Determination of free cholesterol by means of a special paper strip. A cuvette is placed on the skin surface of the palm (tenar region), making it possible to fix a volume of a solution of an enzyme and a surfactant equal to 0.1 ml on a 1 cm 2 skin surface. The skin surface is first rubbed with a solution of ethyl alcohol. After the cuvette has been put in place a solution of cholesteroloxidase and a surfactant is poured therein. After incubation for two minutes, a special paper strip is moistened therein. The result of determination of the content of free cholesterol of the skin is calculated by means of a calibration color scale, or according to the reading of a reflective photometer.

EXAMPLE 4

Determination of total cholesterol (the sum of free and esterified) of skin cholesterol. A cuvette is placed on the skin surface of the palm, fixing a predetermined volume of the following solution on the skin surface:

cholesteroloxidase             2.0-2.5 units
cholesterolesterase            3-5 units
sodium dezoxycholate           0.04
3-(dodecyl-dimethyl-ammonium)- 0.1
-propanesulfonate
phosphate buffer pH = 6.8      balance to 100%.

After that the cuvette is closed with a special lid, since the time of exposition in that case is 10 minutes and evaporation may take place in that time, which would result in concentration of the solution.

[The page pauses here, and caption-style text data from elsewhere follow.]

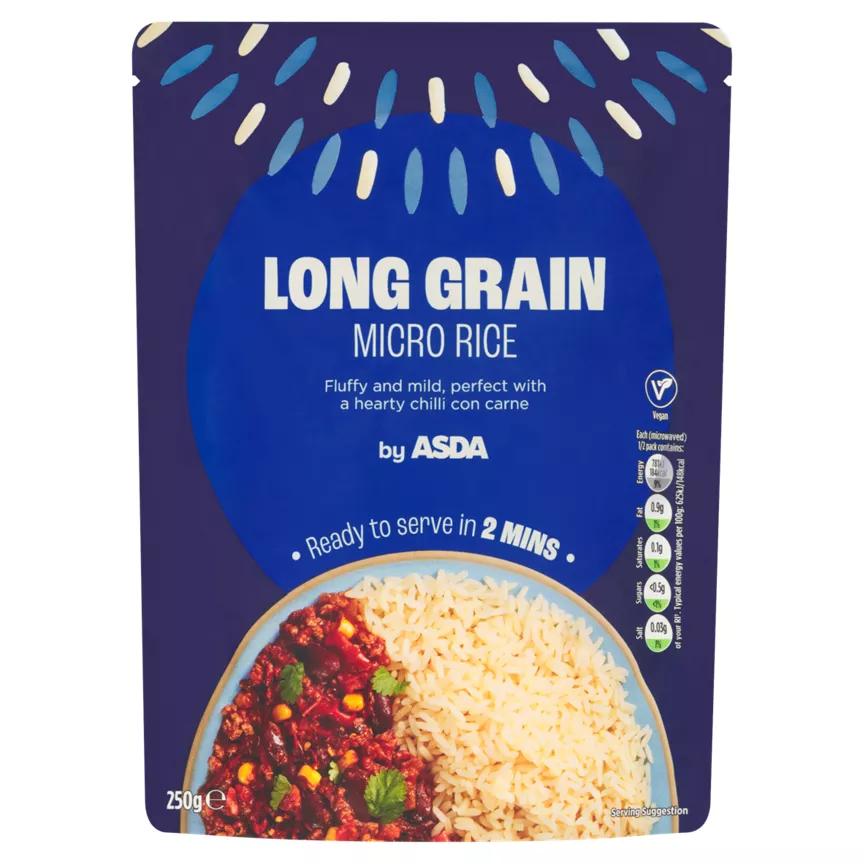 ASDA Long Grain Micro Rice | RewardDeals
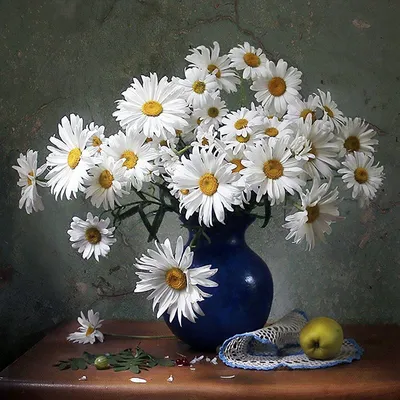 ромашки натюрморт - Căutare Google | Flower painting, Oil painting flowers,  Sacred geometry art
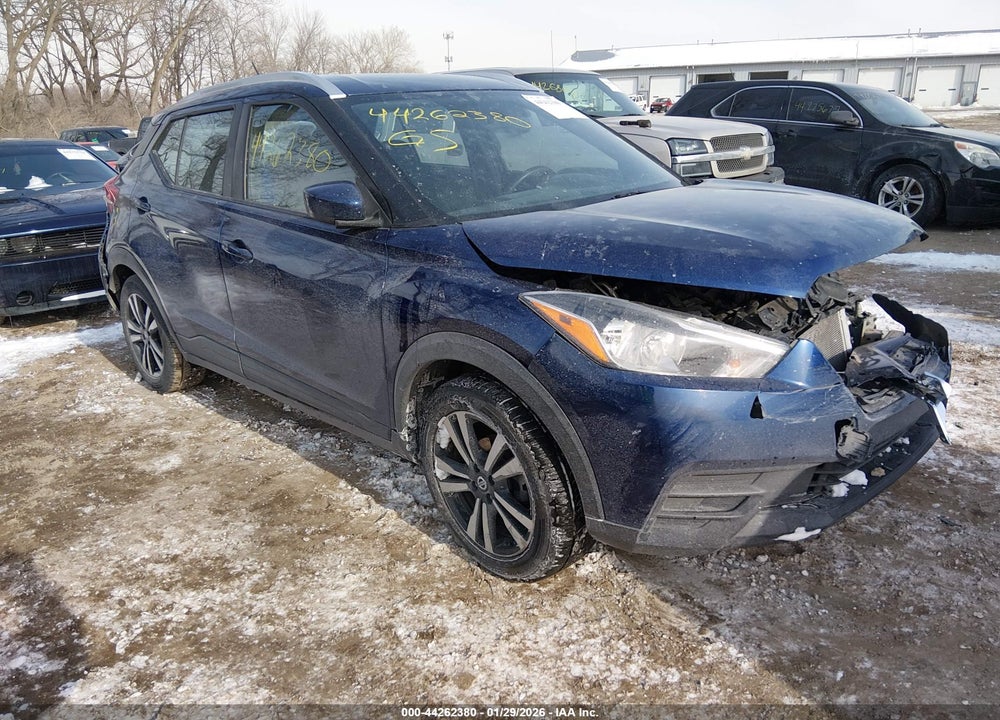 2019 NISSAN KICKS SV VIN: 3N1CP5CU6KL552244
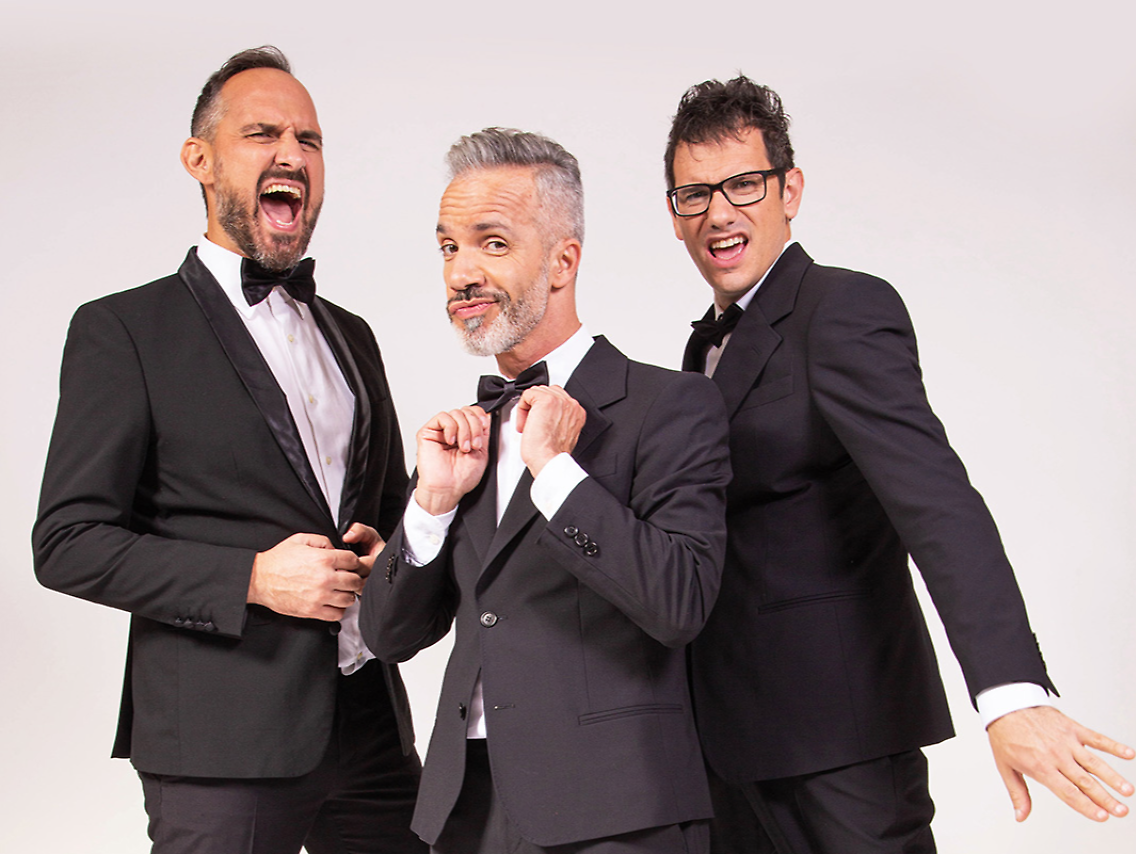 Il trio Marco e Pippo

On the average, in the control group, the content of total cholesterol exceeds by 10-20% the value of free cholesterol, i.e. the value of esterified cholesterol is 10-20% of the total skin cholesterol.

Claims

1. A method of determining cholesterol present on skin surface, comprising the steps of:a. providing an open-ended vessel having a base; b. providing an enzyme solution comprising 2.0 to 2.5 units of cholesterol oxidase, 0.04 to 0.06 weight % of sodium dezoxycholate, and 0.1 to 0.2 weight % of 3-dodecyl-dimethyl-ammonium-propanesulfonate, buffered to a pH of 6.8 in water; c. bringing said vessel into contac with the skin surface in a manner such that the base of said vessel sealingly engages the skin surface, thereby delimiting an area of said skin surface within said vessel; d. adding a predetermined amount of said enzyme solution into said vessel so that said enzyme solution contacts the skin surface over the delimited area thereof; e. allowing said enzyme solution to remain in contact with the skin surface over the delimited area thereof for a period of time sufficient for the cholesterol oxidase to catalyze oxidation of cholesterol and cause formation of hydrogen peroxide; and, f. measuring the amount of hydrogen peroxide formed in step (e), the amount of hydrogen peroxide measured being indicative of the concentration of skin cholesterol.

2. A method according to claim 1 wherein said enzyme solution further comprises 3 to 5 units of cholesterol esterase.

3. A method according to claim 2, wherein said 3 to 5 units of cholesterol esterase are added to said enzyme solution in said vessel between steps (d) and (e).

4. A method according to claim 1, wherein step (f) is carried out by spectrophotometry after the addition of peroxidase and a substrate to said enzyme solution in said vessel.

5. A method according to claim 1, wherein step (f) is carried out by means of an electrochemical sensor that is immersed into said enzyme solution.

6. A method according to claim 1, wherein step (f) is carried out by means of a colorimetric indicator immersed into said enzyme solution.